I think even Ryan Seacrest is disgusted with the thought of Ryan Seacrest getting some.
Whatever. I'll let someone else deal with his flacid penis.
That glade motion activator thing keeps going off every time we pass the bong. I don't know what I'm getting high off right now.
you were leaning against the vending machine asking if there was a shower you could puke in.
You weren't just peeing. You were like grinding on it. And you tried to pee in the washing machine first.
The least you could do is send me some gibberish so I know you're alive.
Fuhga
Thank you.
There's hot sauce all over my mirror, lamp shade and dresser. Also it's your turn for weed
Where were you last night, and why am I not surprised that drag queens were involved?
Dunno. My heart says "no", my brain says "maybe" and my dick says "YES YES FOR THE LOVE OF GOD YES!!"
So i walked around campus drunk and alone last night eating pizza and a lunchable from 7-11. Sat by the flag pole and drank an entire liter of water, took off my shoes to prance around in the fountain, then stepped in dog shit on the way home...barefoot.
tonight at the bar some people told me that I have a sprit following me around.. that's the kind of shit that you laugh off till you're home alone.

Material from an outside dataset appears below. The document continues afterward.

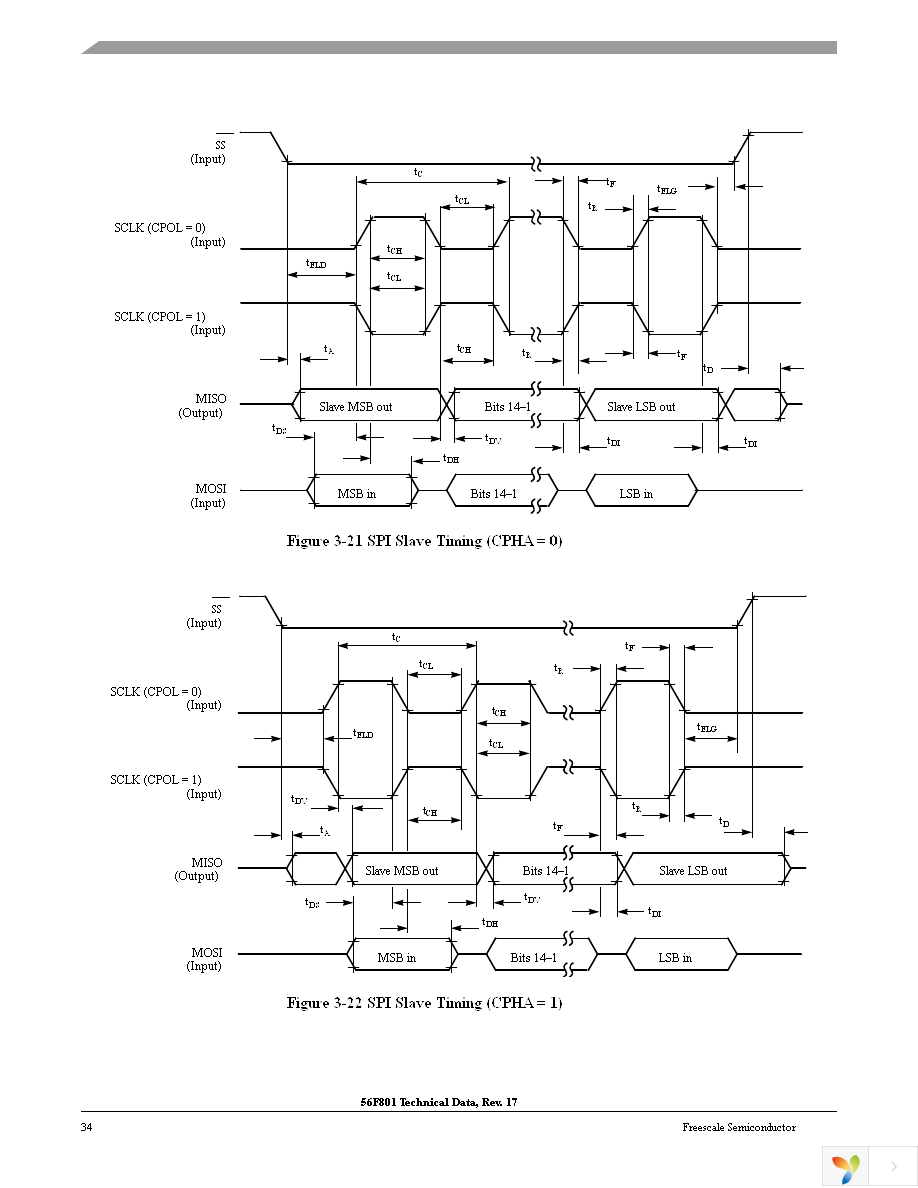 DSP56F801FA60E Page 34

I've Ubered to the bar three times this weekend to get my car but every time I get there I end up drinking. Still no car.
You know I base where I go on the likelihood of me getting laid there. This includes work.
You took the glass microwave plate and said it was the closest thing to a frisbee, let me know how that works out for you
We couldn't find her anywhere. Finally, I saw her sitting in my bathroom floor spraying hair mouse into her mouth and whispering "I fucking love whipped cream." WHAT DID YOU GIVE HER AND CAN I HAVE SOME?